Jacob Herin dari JPIC Keuskupan Maumere mengatakan, perlawanan mesti terus digencarkan dengan menggunakan berbagai jalan politik yang bisa membantu perjuangan bersama rakyat ini. “Kita mesti terus memberikan tekanan yang keras kepada pemerintah agar tidak gampang mengurus berbagai izin pertambangan yang sama sekali tidak mengindahkan hak rakyat. Pemerintah harus mendengarkan rakyat. Kita juga harapkan agar DPR/DPRD memperjuangkan aspirasi rakyat terkait penolakan tambang ini.”
Pater Mikhael Peruhe, OFM mengingatkan bahwa apa pun cara perjuangan, sasarannya akhirnya adalah penguatan pemahaman dan kesadaran rakyat akan hidup yang mesti diperjuangkannya sendiri. “Banyak pengalaman advokasi terhadap rakyat menyadarkan bahwa kita mesti berjuang untuk melawan penyebaran informasi bohong dan penipuan yang menyesatkan pemahaman rakyat. Di tempat-tempat itu kami temukan bahwa perusahaan tambang yang diperkuat oleh pemerintah memberikan informasi yang menjanjikan surga bagi rakyat. Proses advokasi rakyat mesti memperhatikan hal ini.”

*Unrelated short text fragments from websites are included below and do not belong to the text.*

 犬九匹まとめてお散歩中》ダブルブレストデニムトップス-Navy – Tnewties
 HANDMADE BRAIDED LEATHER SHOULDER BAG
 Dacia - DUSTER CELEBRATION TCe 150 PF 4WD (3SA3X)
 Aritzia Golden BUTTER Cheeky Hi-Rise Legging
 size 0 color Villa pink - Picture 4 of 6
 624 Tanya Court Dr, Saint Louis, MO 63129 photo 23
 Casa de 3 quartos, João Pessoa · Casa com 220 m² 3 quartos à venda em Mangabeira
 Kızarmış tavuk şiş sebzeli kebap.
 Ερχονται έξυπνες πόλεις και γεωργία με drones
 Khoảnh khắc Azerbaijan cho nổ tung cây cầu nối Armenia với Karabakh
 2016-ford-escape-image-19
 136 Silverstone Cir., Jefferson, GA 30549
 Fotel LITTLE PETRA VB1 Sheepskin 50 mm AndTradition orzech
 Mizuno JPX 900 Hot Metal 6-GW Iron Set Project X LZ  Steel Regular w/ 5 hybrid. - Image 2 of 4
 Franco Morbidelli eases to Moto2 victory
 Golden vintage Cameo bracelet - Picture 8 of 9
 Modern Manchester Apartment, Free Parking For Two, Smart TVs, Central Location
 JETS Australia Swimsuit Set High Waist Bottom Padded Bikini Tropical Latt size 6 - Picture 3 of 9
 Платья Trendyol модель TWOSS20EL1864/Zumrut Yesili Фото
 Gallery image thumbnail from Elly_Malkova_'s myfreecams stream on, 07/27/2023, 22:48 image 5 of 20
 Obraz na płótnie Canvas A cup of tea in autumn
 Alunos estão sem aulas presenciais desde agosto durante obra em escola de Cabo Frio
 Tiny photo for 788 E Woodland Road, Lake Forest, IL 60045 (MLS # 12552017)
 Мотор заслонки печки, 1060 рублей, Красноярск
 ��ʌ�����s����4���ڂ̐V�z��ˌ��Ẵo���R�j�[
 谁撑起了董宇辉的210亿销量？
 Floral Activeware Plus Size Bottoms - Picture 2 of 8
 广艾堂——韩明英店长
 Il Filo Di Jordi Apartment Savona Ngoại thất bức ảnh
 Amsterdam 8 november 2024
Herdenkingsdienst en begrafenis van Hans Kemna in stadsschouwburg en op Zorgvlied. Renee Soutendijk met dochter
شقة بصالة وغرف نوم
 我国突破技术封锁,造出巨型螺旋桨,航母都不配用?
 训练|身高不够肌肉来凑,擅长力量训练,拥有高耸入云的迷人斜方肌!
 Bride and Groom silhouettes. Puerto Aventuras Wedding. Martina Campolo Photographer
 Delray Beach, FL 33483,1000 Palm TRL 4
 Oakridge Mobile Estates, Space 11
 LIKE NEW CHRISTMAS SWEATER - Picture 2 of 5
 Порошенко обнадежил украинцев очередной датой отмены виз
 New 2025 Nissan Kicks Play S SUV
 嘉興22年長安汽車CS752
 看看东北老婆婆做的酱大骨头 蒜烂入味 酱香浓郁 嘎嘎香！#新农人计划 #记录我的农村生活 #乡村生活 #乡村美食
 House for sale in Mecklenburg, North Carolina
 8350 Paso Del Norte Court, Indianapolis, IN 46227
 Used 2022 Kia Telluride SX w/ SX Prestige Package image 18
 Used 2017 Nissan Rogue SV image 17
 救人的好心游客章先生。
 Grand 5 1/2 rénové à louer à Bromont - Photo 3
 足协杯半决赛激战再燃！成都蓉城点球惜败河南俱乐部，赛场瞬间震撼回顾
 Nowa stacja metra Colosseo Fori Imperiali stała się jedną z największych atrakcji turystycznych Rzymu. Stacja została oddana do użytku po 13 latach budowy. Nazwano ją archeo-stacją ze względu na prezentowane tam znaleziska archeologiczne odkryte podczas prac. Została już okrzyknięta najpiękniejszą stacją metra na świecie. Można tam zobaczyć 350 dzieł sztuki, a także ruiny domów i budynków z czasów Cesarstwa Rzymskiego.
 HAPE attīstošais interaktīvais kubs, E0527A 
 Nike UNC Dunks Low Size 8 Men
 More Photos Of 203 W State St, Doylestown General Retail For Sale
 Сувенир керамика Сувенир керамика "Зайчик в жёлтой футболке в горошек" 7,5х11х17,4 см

Di Detusoko, pemahaman itu mulai semakin jauh digulirkan oleh kaum religius dan kelompok rakyat yang peduli dengan masalah tambang. Benih-benih perlawanan rasional terkait rencana tambang mulai ditancapkan. Perlawanan terhadap rencana tambang, monster yang siap menghancurkan lekak lekuk tubuh Flores, Lembata dan pulau-pulau sekitarnya mulai semakin digencarkan. Monster yang serakah itu sudah saatnya dilawan oleh rakyat Flores dan Lembata.